Mahkememiz 27/10/2021 tarihli celse ara kararı gereğince, Dosyanın önceki bilirkişilere tevdi ile talimat mahkemesince yapılan inceleme doğrultusunda cezai şarta hükmedilmesinin davalının iktisaden mahvına sebebiyet verip vermeyeceğinin değerlendirilmesi, davacının alım taahhüdüne yönelik itirazının değerlendirilmesi, davalının ne kadar alım yaptığının sözleşme kapsamında her yıl ve toplam olarak tespit edilmesi, davacının alacaklı olup olmadığının nihai olarak belirlenmesi konusunda ek rapor alınmasına karar verilmiş olup, Bilirkişi Mali Müşavir … ve Akaryakıt Sektör Bilirkişisi …’ın 20/01/2022 tarihli raporunda özetle; Kök Raporda belirlendiği üzere , Yatırım bedeline ilişkin protokolün 7. Maddesi kapsamında fesih tarihinden sonra kalan süreye ilişkin kalan yatırım bedeli 2.961,39 USD ve dava tarihine kadar 234,24 USD faiz hesaplandığı , davalının sözleşme süresi olan 5 yıl için taahhüt ettiği toplam ürün alımını 3 yılda yerine getirdiği, bu kapsamda kar kaybı oluşmadığı, ancak sözleşmenin söz konusu maddesindeki taahhüdün sözleşme süresindeki toplam 1.500 ton taahhüt dışında, her bir yıl için ayrı ayrı asgari 300 ton alım esas alınması halinde 13.807,03 USD kar mahrumiyeti hesaplandığı, davacının kar mahrumiyetine ilişkin şimdilik 1.000 USD talep ettiği, 50.000 USD sözleşmede kararlaştırılan cezai şart bedeline ilişkin ,davacının 28.06.2018 tarihinde tazmin ettiği teminat mektubu tutarı 17.087,24 USD ‘nin düşümü sonrası 32.912,76 USD kalan cezai şart bedeli hesaplandığı, talimat yoluyla alınan davalıya ilişkin bilirkişi raporundaki iktisadi duruma ilişkin belirlemeler kapsamında , cezai şart bedelinin davalının iktisaden mahvına sebep olacağı, görüş ve kanaatine varılmıştır.

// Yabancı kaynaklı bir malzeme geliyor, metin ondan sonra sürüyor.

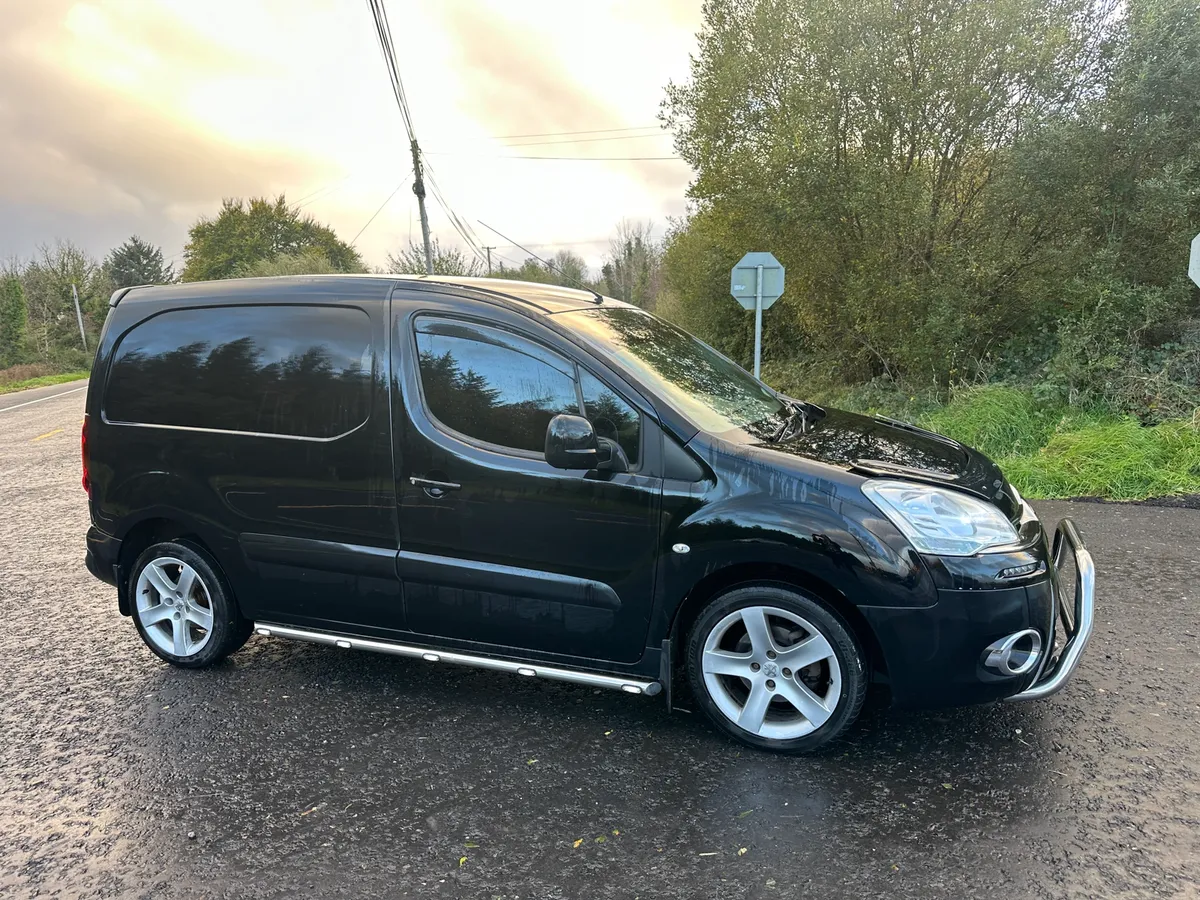 Citreon Berlingo - Finance Options - Image 1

Delillerin değerlendirilmesi ve gerekçe;
Dava; bayilik sözleşmesinin feshi nedeniyle kar kaybının, yatırım bedelinin ve cezai şartın davalıdan tahsili istemine ilişkin alacak davasıdır.
Dosya kapsamından, taraflar arasında 22.05.2015 tarihinde 5 yıl süreli (md.5) … A.Ş. Standart Bayilik Sözleşmesi akdedildiği, yine aynı tarihli Çerçeve Protokolün akdedildiği, davalı … tarafından keşide edilen … 25.Noterliği … tarih ve … yevmiye numaralı ihtarnamesiyle ithal maliyetlerde gerçekleşen artışın yansıtılması ve sözleşmenin esaslı unsurlarının onay alınmadan değiştirilmesi gerekçeleriyle sözleşmenin feshedildiği görülmüştür.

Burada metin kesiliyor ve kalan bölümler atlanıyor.